Aim of the exercise.
An exact copy of every entry is needed, with the images left out.

Record extracts.
☆ ☆ ☆
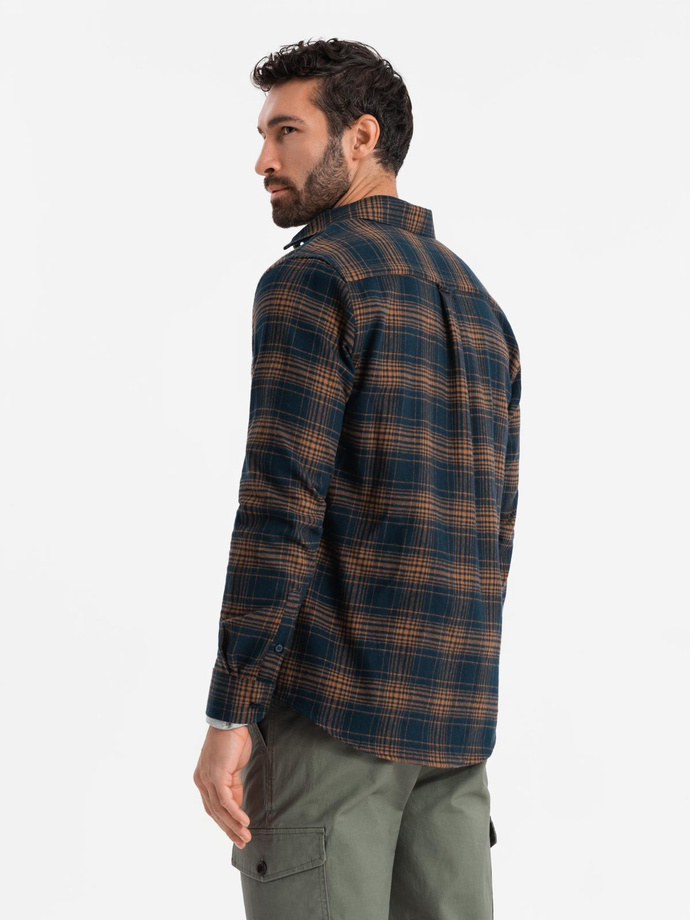 Men's checkered flannel shirt - navy blue and orange V7 OM-SHCS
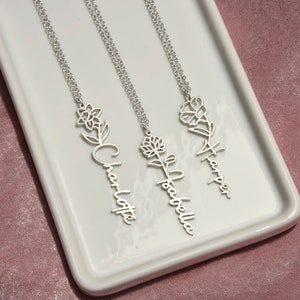 Custom to My Daughter Birth Flower Name Necklace|gift for Daughter From ...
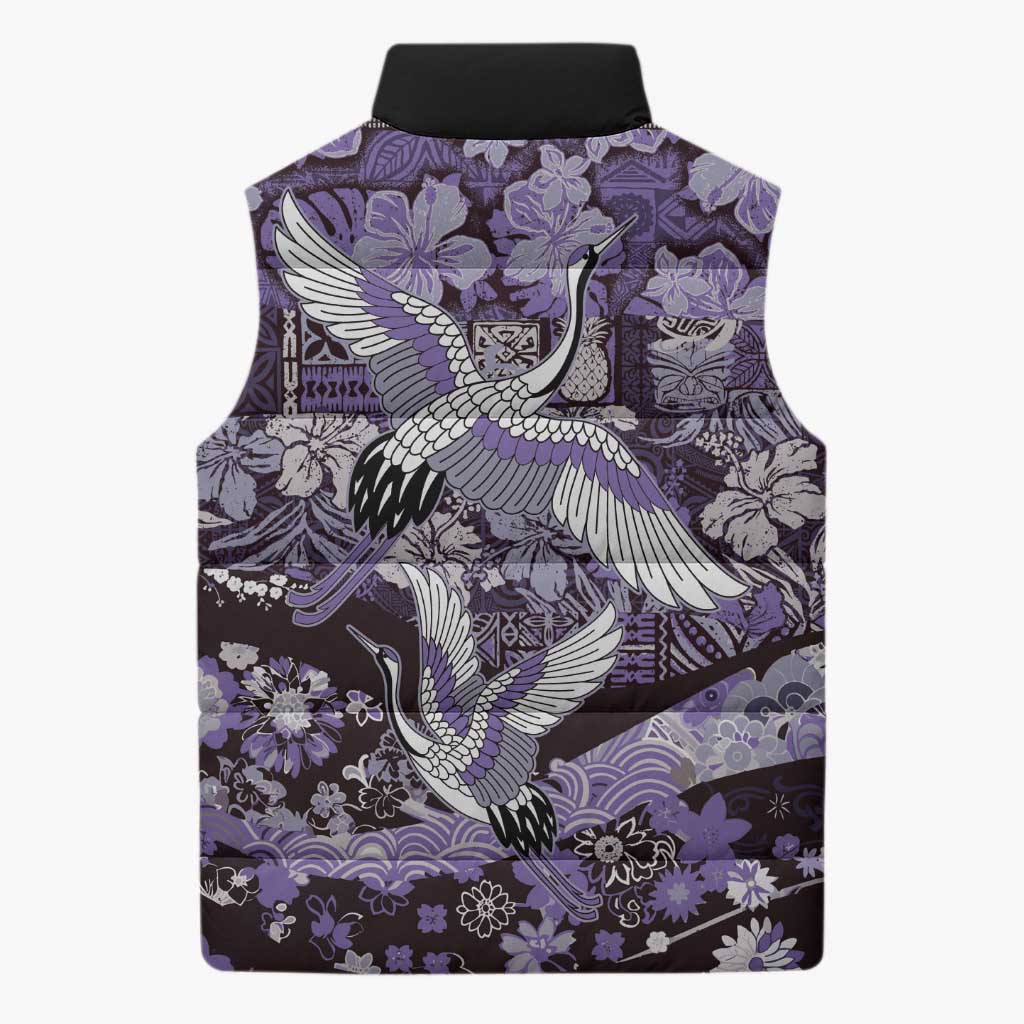 Japanese Hawaiian Crane Sleeveless Puffer Jacket Purple Tapa Patchwork Pattern LT9 - Polynesian Pride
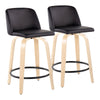 Toriano - Contemporary Fixed Height Counter Stool & Swivel With Round Footrest (Set of 2) - Natural / Black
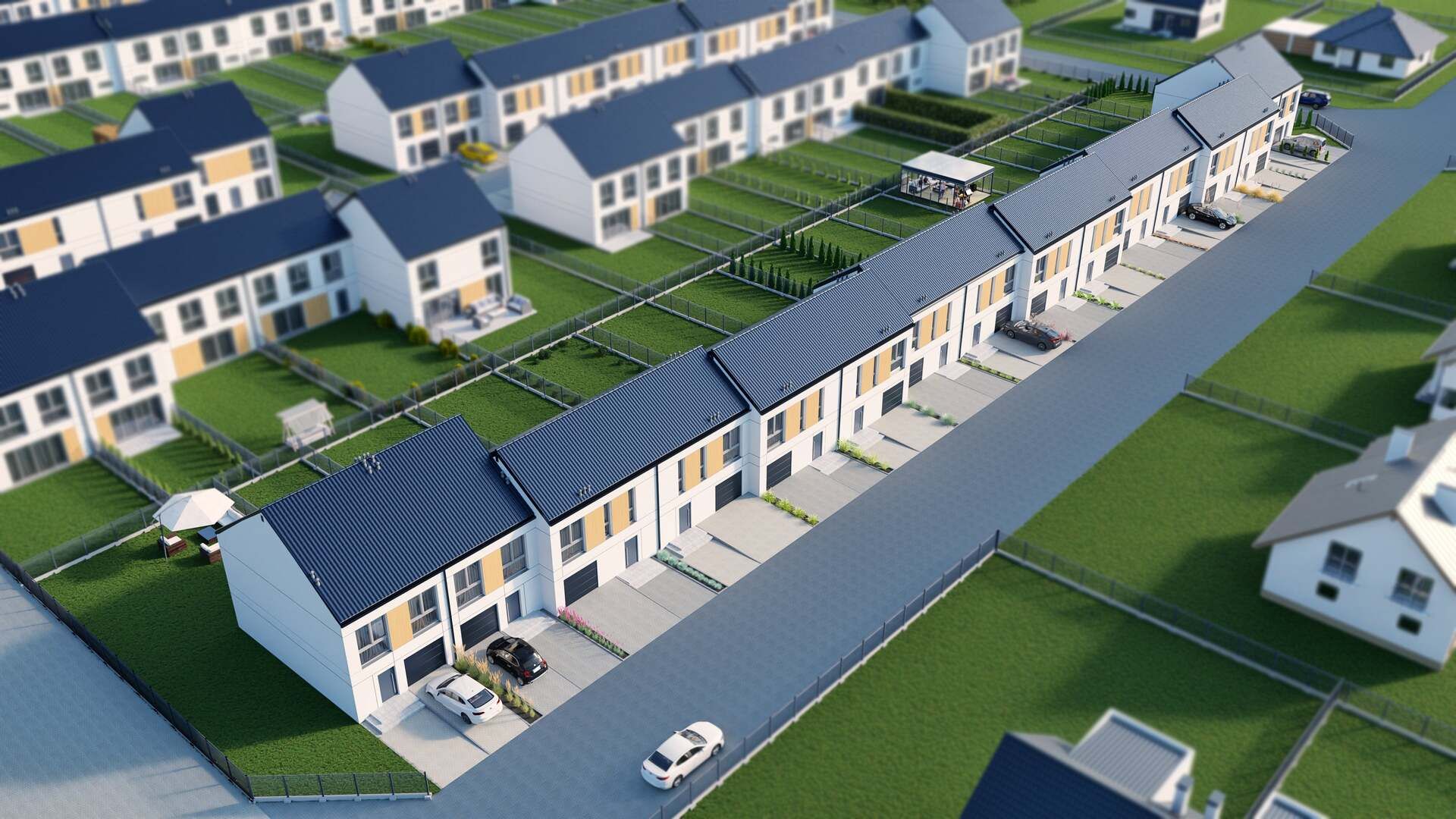 Wizualizacje 3D "z lotu ptaka" każdego z 7 etapów osiedla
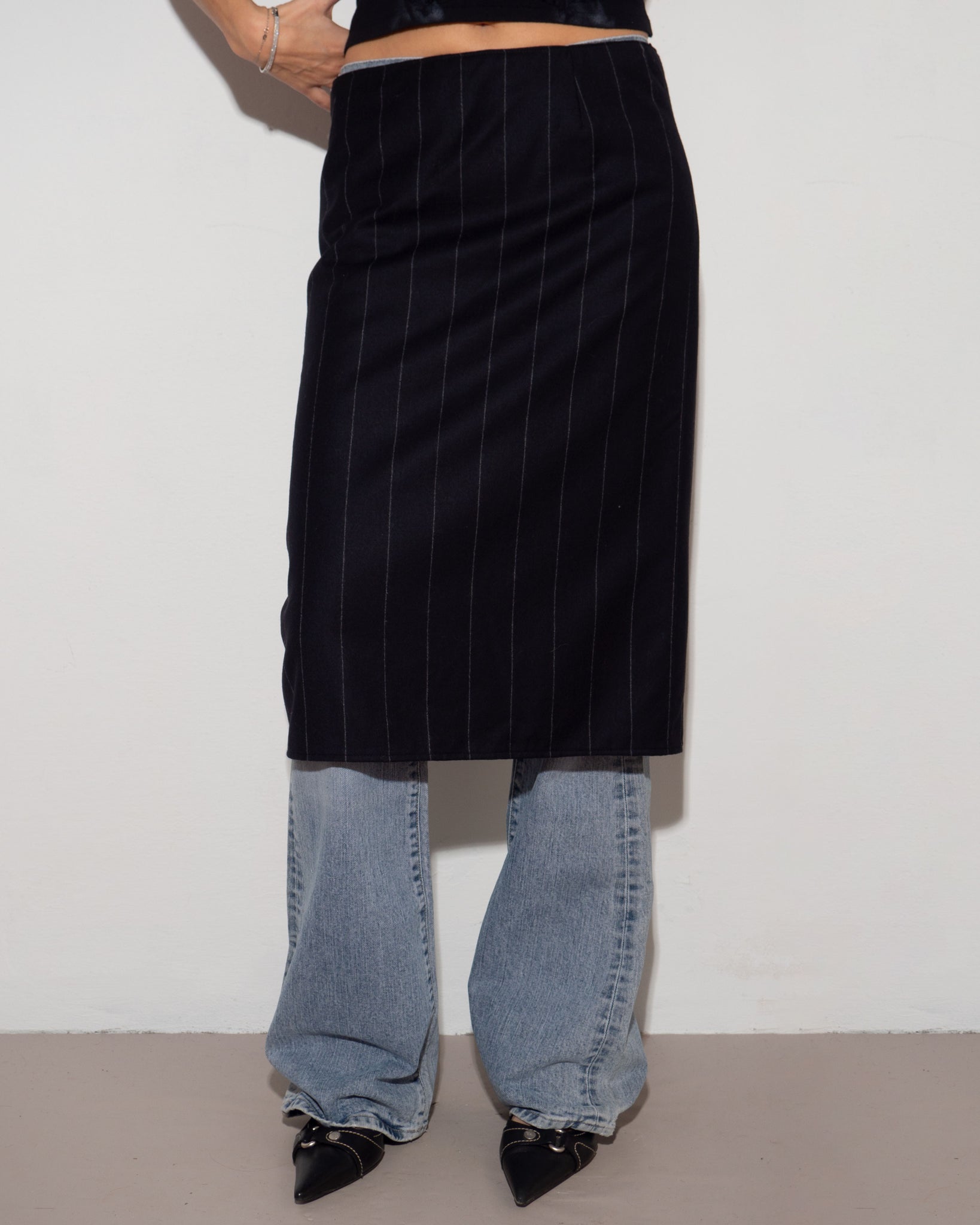 YSL Pinstripe Skirt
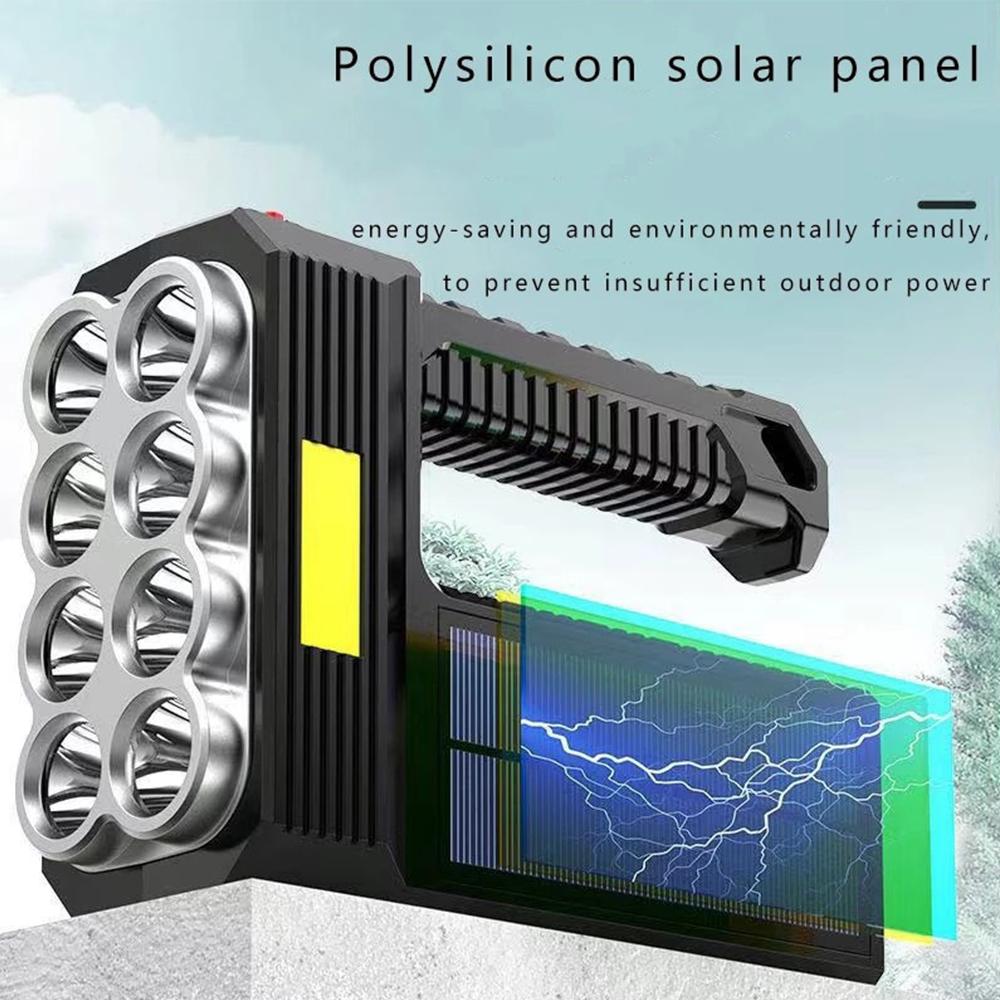 8LED and 6LED Bulbs Solar Charging Handheld Flashlight USB Charge Portable Lamp 4 Bright Lighting Modes Outdoor Searchlight
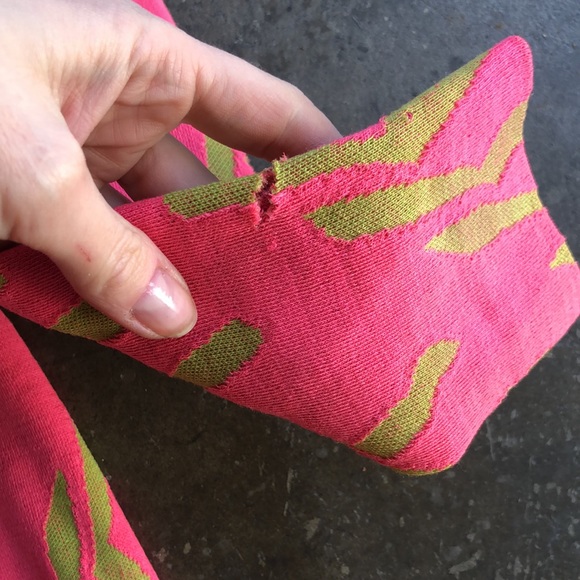 Vintage pink and green wool midi long sleeve sweater dress size small - Picture 5 of 5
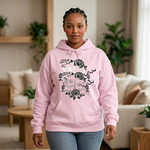 Skull graphic hoodie in retro streetwear style, front view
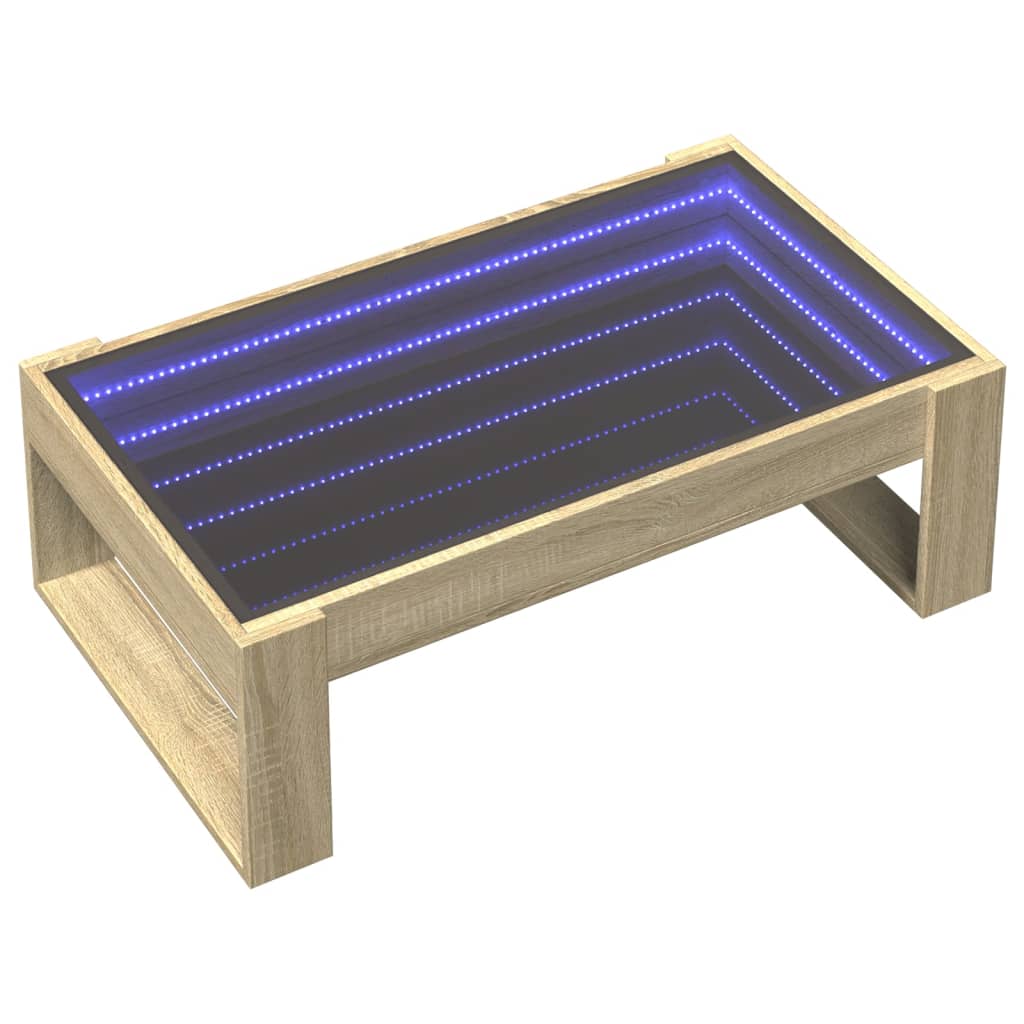 vidaXL Măsuță de cafea cu LED infinity, stejar sonoma, 90x53x30 cm vidaXL Măsuță de cafea cu LED infinity, stejar sonoma, 90x53x30 cm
☆ ☆ ☆
Exercise answer.
 Men's checkered flannel shirt - navy blue and orange V7 OM-SHCS
 Custom to My Daughter Birth Flower Name Necklace|gift for Daughter From ...
 Japanese Hawaiian Crane Sleeveless Puffer Jacket Purple Tapa Patchwork Pattern LT9 - Polynesian Pride
 Toriano - Contemporary Fixed Height Counter Stool & Swivel With Round Footrest (Set of 2) - Natural / Black
 Wizualizacje 3D "z lotu ptaka" każdego z 7 etapów osiedla
 YSL Pinstripe Skirt
 8LED and 6LED Bulbs Solar Charging Handheld Flashlight USB Charge Portable Lamp 4 Bright Lighting Modes Outdoor Searchlight
 Vintage pink and green wool midi long sleeve sweater dress size small - Picture 5 of 5
 Skull graphic hoodie in retro streetwear style, front view
 vidaXL Măsuță de cafea cu LED infinity, stejar sonoma, 90x53x30 cm vidaXL Măsuță de cafea cu LED infinity, stejar sonoma, 90x53x30 cm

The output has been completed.